Exercise description. Exclude every picture. Output verbatim the lines from the one containing "Red Sox Team" to the end of the data.

Supplied information section start

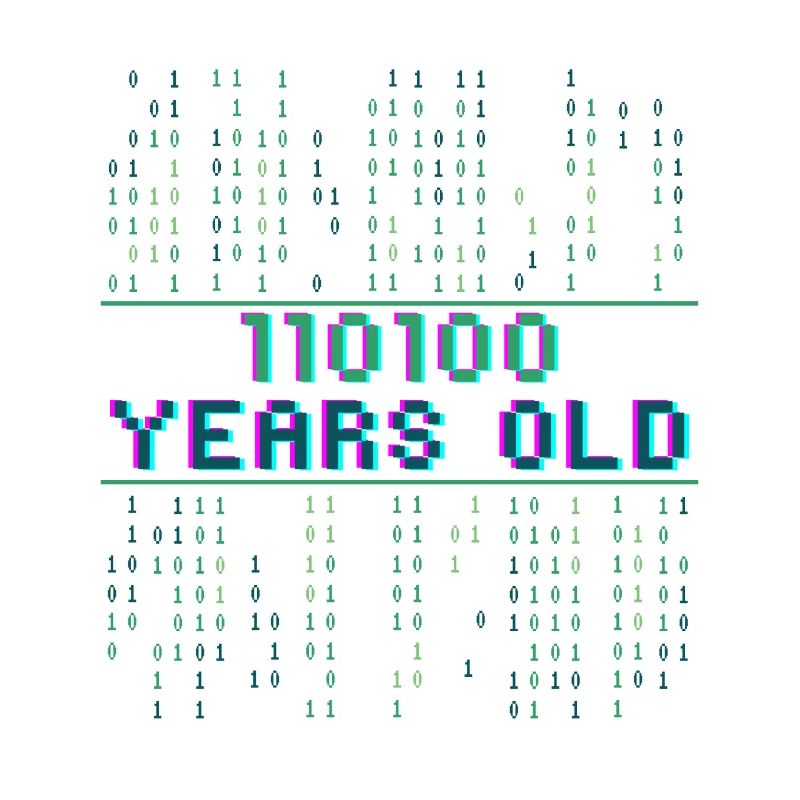 52. Geburtstag 52 Jahre alt Binärcode Informatik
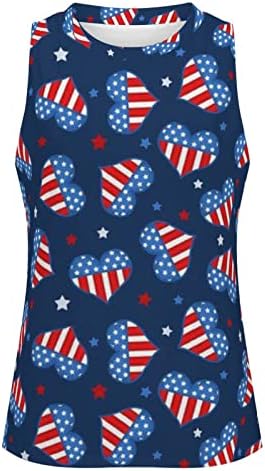 4 -ти јули кошули за жени патриотски резервоар врвови без ракави независни елек гроздобер графички маички тренингот трендовски блузи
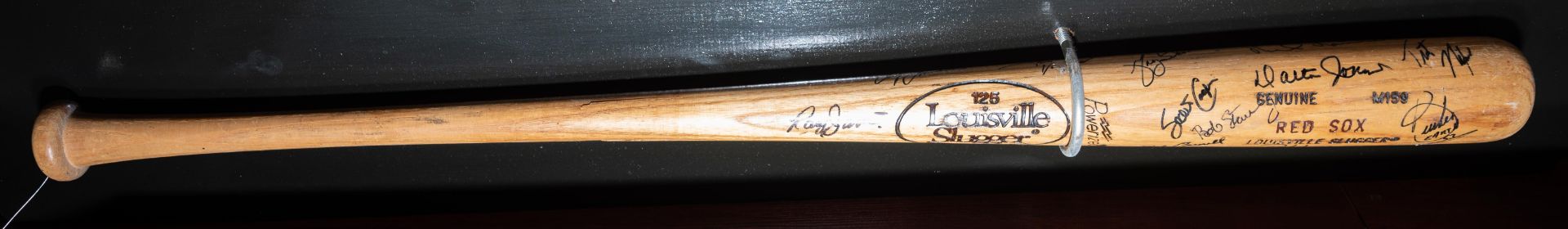 Red Sox Team Bat; Dalton Jones, and assorted , Cracked Louisville Slugger with Mount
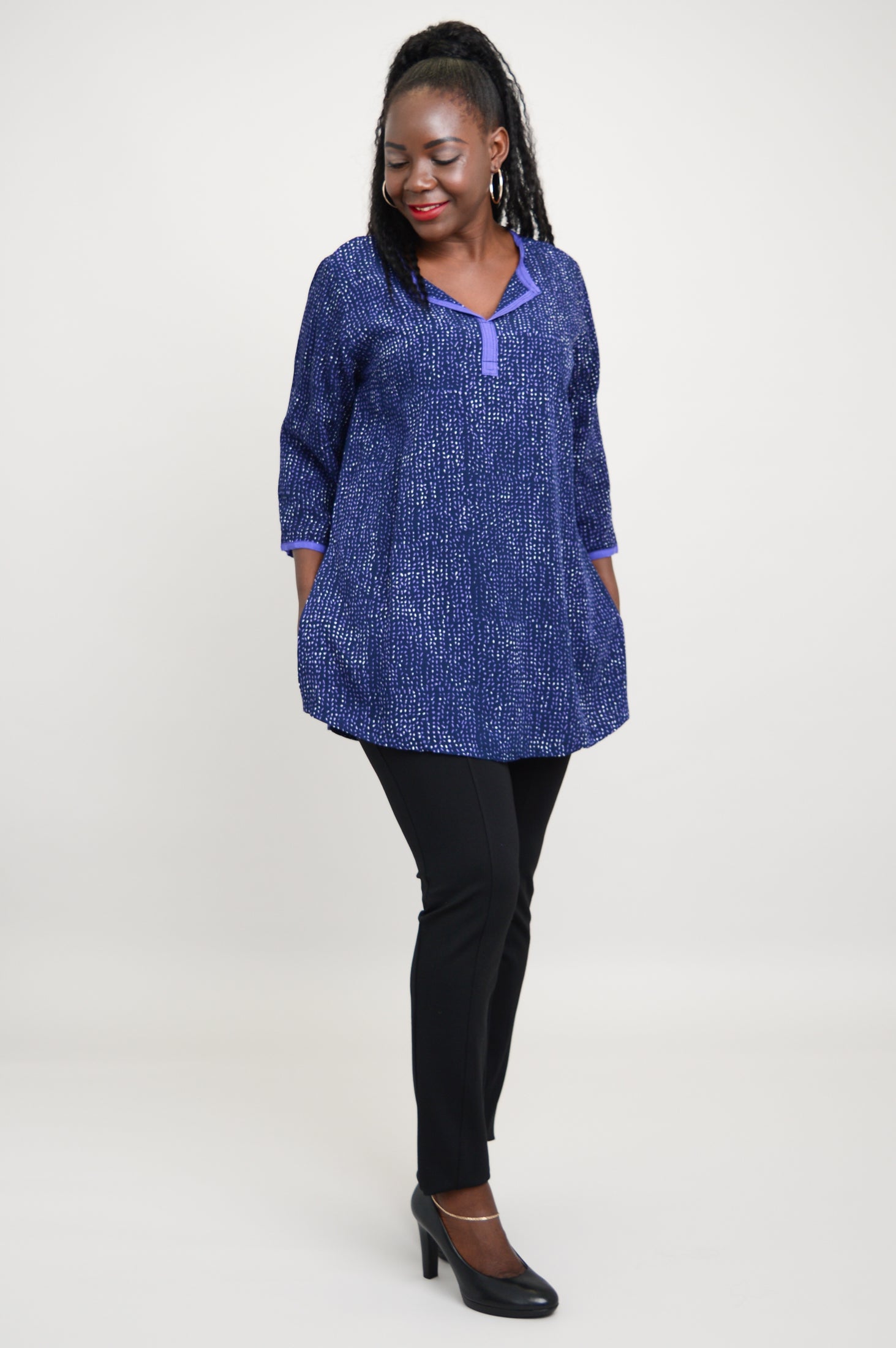 Stylish Kary Top in Akimi Purple - Trendy Women's Fashion Blouse for Casual Wear, Office & Date Nights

Supplied information section end

Exercise solution.
 Red Sox Team Bat; Dalton Jones, and assorted , Cracked Louisville Slugger with Mount
 Stylish Kary Top in Akimi Purple - Trendy Women's Fashion Blouse for Casual Wear, Office & Date Nights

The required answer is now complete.